È anche questo che ci insegna la Massoneria: la faticosa arte di non agire, di porre un freno alla nostra impazienza, di strapparci alla logica del controllo che tanto ci seduce, di astenerci dal voler intervenire direttamente, impedendo la possibilità del terreno di dare frutto nella propria misura.
La fiducia è la non azione che consente all’altro di trovare la forza e la possibilità di agire, anzi, di crescere, di divenire, di essere.

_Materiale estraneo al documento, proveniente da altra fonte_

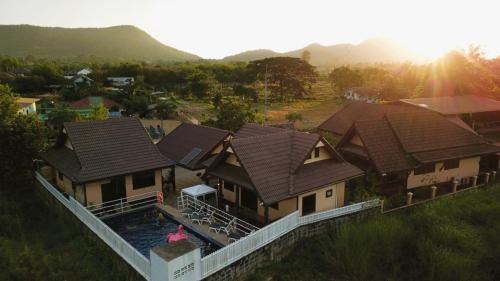 Bang Sare House | อุ่นไอปลายนา@บางเสร่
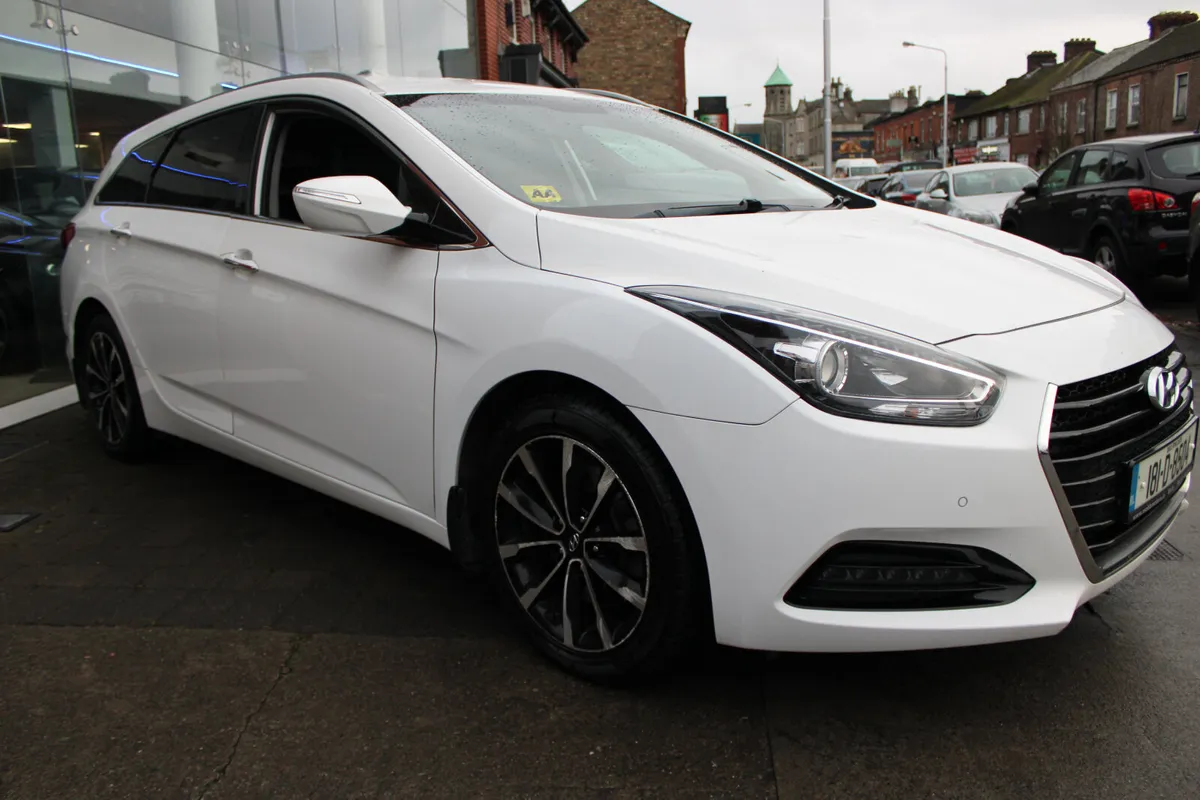 Hyundai i40 1.7 EXECUTIVE ESTATE 2018 *1 OWNER* - Image 2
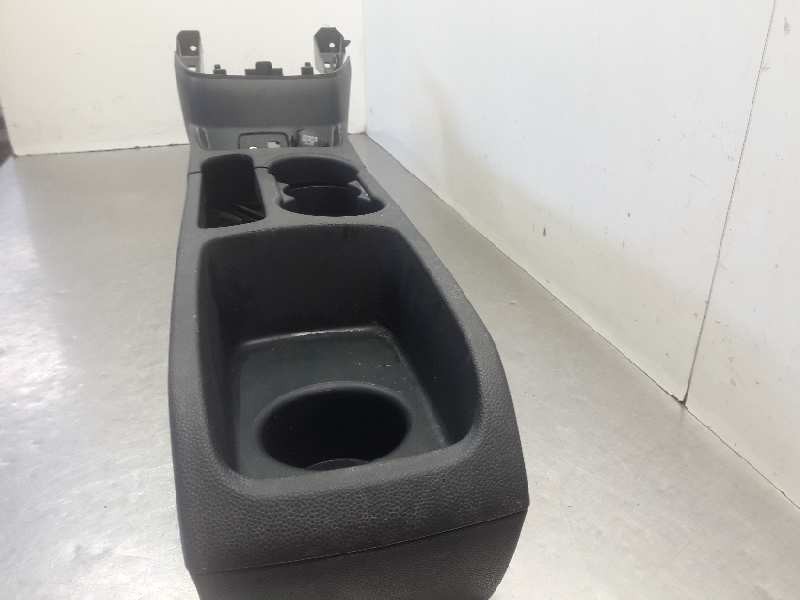Recambio de consola central para ford fiesta (cb1) trend referencia OEM IAM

Di essere lui stesso soggetto del suo vivere, non noi per lui e al posto suo:
Se il chicco di grano caduto in terra non muore, rimane solo; se invece muore, produce molto frutto.
Giovanni 12,24-26
La spiga è un grande simbolo: è la vita stessa. Era l’emblema di Osiride, il dio morto e resuscitato, e, nell’antico Egitto, rappresentava il ciclo di morte e rinascita. La spiga contiene il grano nella doppia veste, come simbolo che nutre, che muore e rinasce.
Invito il Fratello ad immedesimarsi nella logica del seme, dal momento in cui ha preso coscienza di essere venuto in questo mondo per lasciare un segno, consapevole che quel seme, se trova il terreno adatto, produrrà molto frutto.
Possiamo scegliere di non crescere, di vivere un’esistenza che è un lento morire. Abbiamo qui due forme di morte: la paura del cambiamento di sé, che fa restare nella solitudine, ed è la vera morte, la sterilità; l’accettazione del cambiamento di sé, che, invece, è la morte feconda di chi, scegliendo di cambiare, si apre alla vita e porta frutto
Il grano già nato non è mai perso.
Autore Rosmunda Cristiano
Mi chiamo Rosmunda. Vivo la Vita con Passione. Ho un difetto: sono un Libero Pensatore. Ho un pregio: sono un Libero Pensatore.